“Can it really be characteristic of the communion of saints to increase in consequence and prestige and influence and outward pomp in the world around: to command increasing authority and esteem for itself as a recognized force, both from the state and other human societies; to win an assured and generally acknowledged place in the structure and activity of worldly politics and scholarship and literature and art?
We need hardly demonstrate or bemoan the fact that the Church has often acted as if a positive answer had to be given to this question. But the very opposite is the case. The Church has the promise that ‘the gates of hell shall not prevail against it’ (Mt 16:18), but it has no promise to this effect. Its glory will be manifest when that of its Lord is manifest to the world. In the time between it is thankful for all the necessary space that it is granted in the world to fulfill its task.
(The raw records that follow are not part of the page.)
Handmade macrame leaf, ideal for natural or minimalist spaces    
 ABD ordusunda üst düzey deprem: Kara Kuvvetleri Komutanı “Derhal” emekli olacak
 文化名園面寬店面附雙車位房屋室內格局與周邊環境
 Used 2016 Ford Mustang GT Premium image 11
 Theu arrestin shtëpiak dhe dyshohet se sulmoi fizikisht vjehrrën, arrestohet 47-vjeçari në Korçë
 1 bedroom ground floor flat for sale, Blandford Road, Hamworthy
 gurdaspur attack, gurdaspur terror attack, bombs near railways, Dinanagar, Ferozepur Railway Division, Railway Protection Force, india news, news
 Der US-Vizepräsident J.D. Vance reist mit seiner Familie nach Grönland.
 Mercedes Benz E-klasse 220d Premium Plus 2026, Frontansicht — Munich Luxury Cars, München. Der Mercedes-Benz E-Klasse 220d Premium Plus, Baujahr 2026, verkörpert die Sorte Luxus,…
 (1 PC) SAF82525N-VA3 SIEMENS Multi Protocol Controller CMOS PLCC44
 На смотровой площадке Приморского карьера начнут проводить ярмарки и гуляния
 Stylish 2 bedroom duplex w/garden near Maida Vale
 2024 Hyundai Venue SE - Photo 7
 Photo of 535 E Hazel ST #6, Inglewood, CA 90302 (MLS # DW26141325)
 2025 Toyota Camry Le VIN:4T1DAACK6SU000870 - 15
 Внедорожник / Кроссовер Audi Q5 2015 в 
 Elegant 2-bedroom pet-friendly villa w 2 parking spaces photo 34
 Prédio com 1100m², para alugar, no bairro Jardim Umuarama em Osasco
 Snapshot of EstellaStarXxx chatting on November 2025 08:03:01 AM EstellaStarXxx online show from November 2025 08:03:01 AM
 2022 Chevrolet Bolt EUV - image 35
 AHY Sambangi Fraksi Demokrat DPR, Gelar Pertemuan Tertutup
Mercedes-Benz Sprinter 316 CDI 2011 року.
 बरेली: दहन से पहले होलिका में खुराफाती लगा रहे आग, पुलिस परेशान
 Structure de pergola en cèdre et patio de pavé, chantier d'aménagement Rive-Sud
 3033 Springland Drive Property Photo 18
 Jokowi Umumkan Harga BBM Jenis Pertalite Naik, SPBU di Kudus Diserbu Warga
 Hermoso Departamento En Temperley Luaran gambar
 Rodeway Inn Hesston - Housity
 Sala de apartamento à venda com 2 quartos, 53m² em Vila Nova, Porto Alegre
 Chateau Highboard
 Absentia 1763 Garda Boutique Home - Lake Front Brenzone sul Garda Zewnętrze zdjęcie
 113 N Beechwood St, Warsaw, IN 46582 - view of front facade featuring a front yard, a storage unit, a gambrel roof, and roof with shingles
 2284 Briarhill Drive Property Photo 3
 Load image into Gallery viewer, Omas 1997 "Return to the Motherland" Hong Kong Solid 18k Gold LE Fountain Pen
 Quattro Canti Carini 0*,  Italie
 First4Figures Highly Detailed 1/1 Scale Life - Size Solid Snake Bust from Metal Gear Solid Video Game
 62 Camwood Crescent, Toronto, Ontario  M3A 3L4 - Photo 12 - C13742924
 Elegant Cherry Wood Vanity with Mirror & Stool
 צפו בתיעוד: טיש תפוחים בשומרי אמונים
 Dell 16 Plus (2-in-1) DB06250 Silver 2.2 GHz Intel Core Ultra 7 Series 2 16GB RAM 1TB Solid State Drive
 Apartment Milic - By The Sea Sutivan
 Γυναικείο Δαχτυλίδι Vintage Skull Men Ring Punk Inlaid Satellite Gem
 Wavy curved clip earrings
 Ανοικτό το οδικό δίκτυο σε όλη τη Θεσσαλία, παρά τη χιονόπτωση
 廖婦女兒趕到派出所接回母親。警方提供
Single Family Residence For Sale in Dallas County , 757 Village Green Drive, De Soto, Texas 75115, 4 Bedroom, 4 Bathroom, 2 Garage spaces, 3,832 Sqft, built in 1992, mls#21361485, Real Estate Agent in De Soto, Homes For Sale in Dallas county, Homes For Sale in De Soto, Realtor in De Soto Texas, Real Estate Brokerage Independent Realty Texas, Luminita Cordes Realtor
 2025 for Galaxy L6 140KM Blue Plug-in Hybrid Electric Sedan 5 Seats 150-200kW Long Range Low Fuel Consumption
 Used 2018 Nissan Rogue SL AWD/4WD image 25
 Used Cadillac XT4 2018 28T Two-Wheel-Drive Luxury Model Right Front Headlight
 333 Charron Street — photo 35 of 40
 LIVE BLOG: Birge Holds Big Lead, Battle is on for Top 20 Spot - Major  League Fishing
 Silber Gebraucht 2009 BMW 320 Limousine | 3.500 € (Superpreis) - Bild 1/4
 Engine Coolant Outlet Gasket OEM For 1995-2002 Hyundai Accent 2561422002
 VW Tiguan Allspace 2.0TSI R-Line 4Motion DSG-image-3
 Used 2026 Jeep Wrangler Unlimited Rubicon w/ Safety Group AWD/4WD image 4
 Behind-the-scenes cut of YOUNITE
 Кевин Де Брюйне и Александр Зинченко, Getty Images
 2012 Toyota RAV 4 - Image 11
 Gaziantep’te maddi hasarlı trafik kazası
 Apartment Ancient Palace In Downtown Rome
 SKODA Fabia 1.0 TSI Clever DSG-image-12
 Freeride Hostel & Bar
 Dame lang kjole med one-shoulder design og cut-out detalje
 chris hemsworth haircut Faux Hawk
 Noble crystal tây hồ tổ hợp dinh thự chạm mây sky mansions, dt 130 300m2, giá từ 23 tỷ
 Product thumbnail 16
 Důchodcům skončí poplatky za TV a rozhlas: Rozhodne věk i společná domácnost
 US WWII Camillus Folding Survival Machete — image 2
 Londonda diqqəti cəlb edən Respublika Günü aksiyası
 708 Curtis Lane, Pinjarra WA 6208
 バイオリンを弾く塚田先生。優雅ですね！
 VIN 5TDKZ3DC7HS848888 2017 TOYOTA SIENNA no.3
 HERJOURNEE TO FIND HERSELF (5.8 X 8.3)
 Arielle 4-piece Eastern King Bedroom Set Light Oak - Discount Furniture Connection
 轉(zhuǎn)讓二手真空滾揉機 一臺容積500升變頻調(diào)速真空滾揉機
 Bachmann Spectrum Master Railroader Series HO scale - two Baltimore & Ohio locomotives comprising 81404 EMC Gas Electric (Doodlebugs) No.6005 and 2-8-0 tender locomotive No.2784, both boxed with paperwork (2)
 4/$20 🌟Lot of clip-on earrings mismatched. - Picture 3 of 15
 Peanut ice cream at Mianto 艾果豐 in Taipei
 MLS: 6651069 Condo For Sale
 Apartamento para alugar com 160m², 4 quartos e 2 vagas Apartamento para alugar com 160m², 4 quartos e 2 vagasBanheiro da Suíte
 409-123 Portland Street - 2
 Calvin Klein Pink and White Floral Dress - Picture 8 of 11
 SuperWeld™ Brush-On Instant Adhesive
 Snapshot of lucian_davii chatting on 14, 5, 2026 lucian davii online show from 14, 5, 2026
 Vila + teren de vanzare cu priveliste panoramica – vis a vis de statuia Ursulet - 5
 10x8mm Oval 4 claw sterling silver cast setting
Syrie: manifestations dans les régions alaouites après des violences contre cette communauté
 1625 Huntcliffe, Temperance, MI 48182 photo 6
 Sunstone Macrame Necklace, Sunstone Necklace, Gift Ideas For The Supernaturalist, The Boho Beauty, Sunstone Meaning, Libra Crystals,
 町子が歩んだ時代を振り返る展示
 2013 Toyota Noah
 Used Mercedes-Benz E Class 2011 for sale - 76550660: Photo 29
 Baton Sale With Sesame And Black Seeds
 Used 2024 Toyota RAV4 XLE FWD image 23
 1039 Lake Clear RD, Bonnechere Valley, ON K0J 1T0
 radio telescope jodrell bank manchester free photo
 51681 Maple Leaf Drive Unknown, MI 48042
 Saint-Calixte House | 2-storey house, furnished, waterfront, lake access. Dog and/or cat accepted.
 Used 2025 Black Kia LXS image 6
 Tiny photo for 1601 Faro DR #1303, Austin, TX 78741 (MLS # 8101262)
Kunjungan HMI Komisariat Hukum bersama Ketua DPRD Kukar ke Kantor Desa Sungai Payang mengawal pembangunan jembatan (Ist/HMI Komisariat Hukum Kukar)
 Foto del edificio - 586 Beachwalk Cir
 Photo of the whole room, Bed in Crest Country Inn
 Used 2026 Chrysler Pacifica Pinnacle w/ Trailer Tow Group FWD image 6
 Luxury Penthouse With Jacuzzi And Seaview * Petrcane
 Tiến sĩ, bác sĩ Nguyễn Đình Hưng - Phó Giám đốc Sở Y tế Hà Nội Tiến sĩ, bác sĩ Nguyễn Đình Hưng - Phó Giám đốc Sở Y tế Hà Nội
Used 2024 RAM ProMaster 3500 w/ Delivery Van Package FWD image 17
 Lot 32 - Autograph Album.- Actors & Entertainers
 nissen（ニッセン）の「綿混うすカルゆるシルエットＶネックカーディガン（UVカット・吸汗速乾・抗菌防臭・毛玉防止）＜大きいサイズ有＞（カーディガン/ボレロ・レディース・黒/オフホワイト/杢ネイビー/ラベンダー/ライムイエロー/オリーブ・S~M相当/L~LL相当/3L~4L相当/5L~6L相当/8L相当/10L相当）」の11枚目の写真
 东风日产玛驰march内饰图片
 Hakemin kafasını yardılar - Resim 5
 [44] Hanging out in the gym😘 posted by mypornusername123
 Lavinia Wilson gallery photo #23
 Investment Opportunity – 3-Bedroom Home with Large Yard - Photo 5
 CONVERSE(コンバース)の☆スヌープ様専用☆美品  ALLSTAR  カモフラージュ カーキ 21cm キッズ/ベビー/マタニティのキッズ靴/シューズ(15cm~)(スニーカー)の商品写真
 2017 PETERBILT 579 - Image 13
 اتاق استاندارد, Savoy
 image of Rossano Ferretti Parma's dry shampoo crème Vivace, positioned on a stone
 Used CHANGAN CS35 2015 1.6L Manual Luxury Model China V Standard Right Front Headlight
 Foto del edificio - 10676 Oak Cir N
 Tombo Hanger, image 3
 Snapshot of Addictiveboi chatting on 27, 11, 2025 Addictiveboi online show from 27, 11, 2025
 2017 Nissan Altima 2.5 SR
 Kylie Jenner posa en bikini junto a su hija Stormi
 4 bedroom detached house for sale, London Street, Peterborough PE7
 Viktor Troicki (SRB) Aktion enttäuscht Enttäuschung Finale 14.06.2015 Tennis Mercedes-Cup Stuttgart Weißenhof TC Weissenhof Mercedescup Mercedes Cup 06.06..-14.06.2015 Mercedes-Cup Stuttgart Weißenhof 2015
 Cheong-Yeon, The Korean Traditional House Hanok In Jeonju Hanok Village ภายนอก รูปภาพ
But the enlargement (or diminution) of this space has nothing whatever to do with its nature or commission. Its enlargement is not promised, nor its diminution demanded. It has its hands full with the task of filling it in the service of its cause according to measure in which it is given (whether great or small). It will not be surprised or annoyed if it is pushed into the corner; or if sometimes it is forcefully deprived of its outward majesty and pushed even more into the corner. It is always seriously mistaken if it tries to grow in this dimension.
The Church of Jesus Christ can never – in any respect – be a pompous Church.”
–Karl Barth, Church Dogmatics: The Doctrine of Reconciliation – Jesus Christ, the Servant as Lord. (London: T. & T. Clark Publishers; 1st Pbk. Ed edition, 2004), Vol. 4.2: 648.